Meh. In my deep thoughts I forgot to take in consideration downloading viruses.

 

[Ironside]

I kind of thought so

 

[Addamondes]

Kill the haxxors

 

[GreenHocker]

I say it's stupid to be scared by this. If it hasn't happened to that many people, then its probably going to stay rare until Blizzard people themselves start to make sure all WC3 maps have viruses. (trying to shut down the game to empty out servers for sc2?)

 

[Ironside]

As said many times before, one who knows that it will activate on the next reboot is safe from the exploit. As he can just check startup folder after playing a map.

 

[elfian]

I say it's stupid to be scared by this. If it hasn't happened to that many people, then its probably going to stay rare until Blizzard people themselves start to make sure all WC3 maps have viruses. (trying to shut down the game to empty out servers for sc2?)

Makes sence.

 

[LumZor]

SC2 is probably safe cause it is better designed.

true ...

 

[Vercas]

Kill the haxxors

I am feeling threatened.

 

[Ironside]

Wanted to write that myself, but kept myself from doing so.

 

[Superz_Ze_Man]

I only join games i have lready downloaded or i host my own ^^

 

[Dr Super Good]

Hosting your own is safest.

Joining games you appear to have downloaded is dangerous. The last exploit had a virus DotA allstars map which it appeared was already downladed (matched the hash of the real map) but when you joined it downloaded a very small (broken) map which started instantly (due to bot) and ran a virus which messed with all your maps.

 

[Superz_Ze_Man]

Hosting your own is safest.

Joining games you appear to have downloaded is dangerous. The last exploit had a virus DotA allstars map which it appeared was already downladed (matched the hash of the real map) but when you joined it downloaded a very small (broken) map which started instantly (due to bot) and ran a virus which messed with all your maps.
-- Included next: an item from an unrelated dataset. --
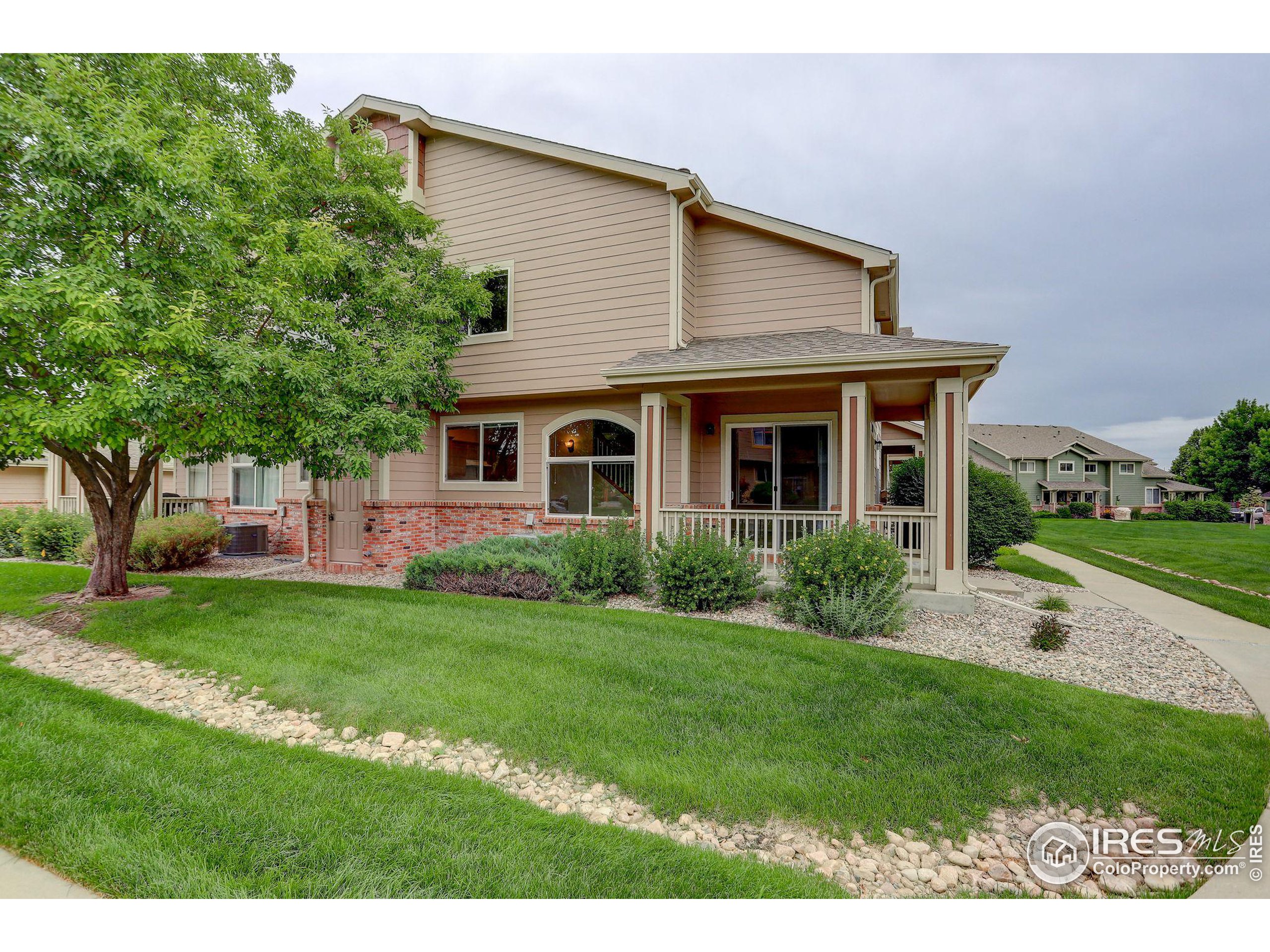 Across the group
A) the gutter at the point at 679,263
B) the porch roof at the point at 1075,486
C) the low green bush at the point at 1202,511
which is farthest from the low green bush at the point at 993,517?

well then. That makes me feel great... I guess im gonna stick with hosting for now even though it can be a pain.

 

[Ironside]

Hosting your own is safest.

Joining games you appear to have downloaded is dangerous. The last exploit had a virus DotA allstars map which it appeared was already downladed (matched the hash of the real map) but when you joined it downloaded a very small (broken) map which started instantly (due to bot) and ran a virus which messed with all your maps.
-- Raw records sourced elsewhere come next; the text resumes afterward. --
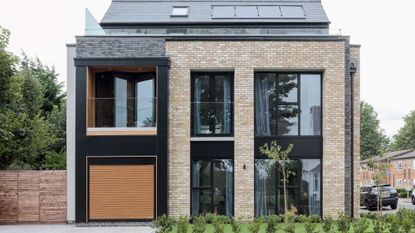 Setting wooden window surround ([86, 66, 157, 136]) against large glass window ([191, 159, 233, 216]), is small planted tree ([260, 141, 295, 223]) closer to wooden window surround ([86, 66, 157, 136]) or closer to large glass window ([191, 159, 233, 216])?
large glass window ([191, 159, 233, 216])

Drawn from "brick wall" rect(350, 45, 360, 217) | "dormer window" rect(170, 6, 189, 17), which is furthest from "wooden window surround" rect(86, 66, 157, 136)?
"brick wall" rect(350, 45, 360, 217)

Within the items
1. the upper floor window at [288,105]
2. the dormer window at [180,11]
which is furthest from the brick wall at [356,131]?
the dormer window at [180,11]

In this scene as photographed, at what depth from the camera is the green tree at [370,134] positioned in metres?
51.5

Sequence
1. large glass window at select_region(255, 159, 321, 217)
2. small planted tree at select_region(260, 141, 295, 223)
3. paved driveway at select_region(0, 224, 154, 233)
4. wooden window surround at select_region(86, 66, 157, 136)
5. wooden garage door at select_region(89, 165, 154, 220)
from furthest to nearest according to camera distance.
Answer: large glass window at select_region(255, 159, 321, 217) < wooden window surround at select_region(86, 66, 157, 136) < wooden garage door at select_region(89, 165, 154, 220) < small planted tree at select_region(260, 141, 295, 223) < paved driveway at select_region(0, 224, 154, 233)

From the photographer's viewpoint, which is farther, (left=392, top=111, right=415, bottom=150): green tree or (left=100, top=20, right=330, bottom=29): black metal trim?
(left=392, top=111, right=415, bottom=150): green tree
Yeah but if this new exploit runs on the next startup, you can check the folder and remove the new files (if any) before it gets the chance to activate at all.

 

[Vercas]

Wanted to write that myself, but kept myself from doing so.
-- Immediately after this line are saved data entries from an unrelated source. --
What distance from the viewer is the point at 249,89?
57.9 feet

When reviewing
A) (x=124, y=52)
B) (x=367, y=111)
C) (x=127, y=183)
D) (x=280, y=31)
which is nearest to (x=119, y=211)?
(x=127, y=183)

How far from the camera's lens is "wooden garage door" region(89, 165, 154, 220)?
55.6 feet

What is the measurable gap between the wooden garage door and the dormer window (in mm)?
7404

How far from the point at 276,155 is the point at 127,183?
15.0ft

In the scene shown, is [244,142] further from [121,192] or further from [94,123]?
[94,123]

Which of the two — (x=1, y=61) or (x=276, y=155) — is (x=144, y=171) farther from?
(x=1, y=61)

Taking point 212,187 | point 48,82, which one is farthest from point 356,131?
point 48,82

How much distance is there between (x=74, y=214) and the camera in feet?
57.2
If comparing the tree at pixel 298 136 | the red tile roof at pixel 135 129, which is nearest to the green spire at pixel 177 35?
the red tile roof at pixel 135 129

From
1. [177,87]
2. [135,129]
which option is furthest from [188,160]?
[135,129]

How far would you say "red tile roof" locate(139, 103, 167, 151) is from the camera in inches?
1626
I usually say my thoughts out loud.

 

[Superz_Ze_Man]

does anyone know what these files it creates are called? Im not ure what to look for in my system 32 folder or wherever the folder is created...?

 

[Ironside]

I usually say my thoughts out loud.

What are you trying to say with that?

does anyone know what these files it creates are called? Im not ure what to look for in my system 32 folder or wherever the folder is created...?

Sure, the created files will usually be .bat (batch file) or .vbs (visual basic script file), they will be created in your startup folder (Start > All Programs > Startup).

All you have to do is delete that file from the folder and you are safe once more.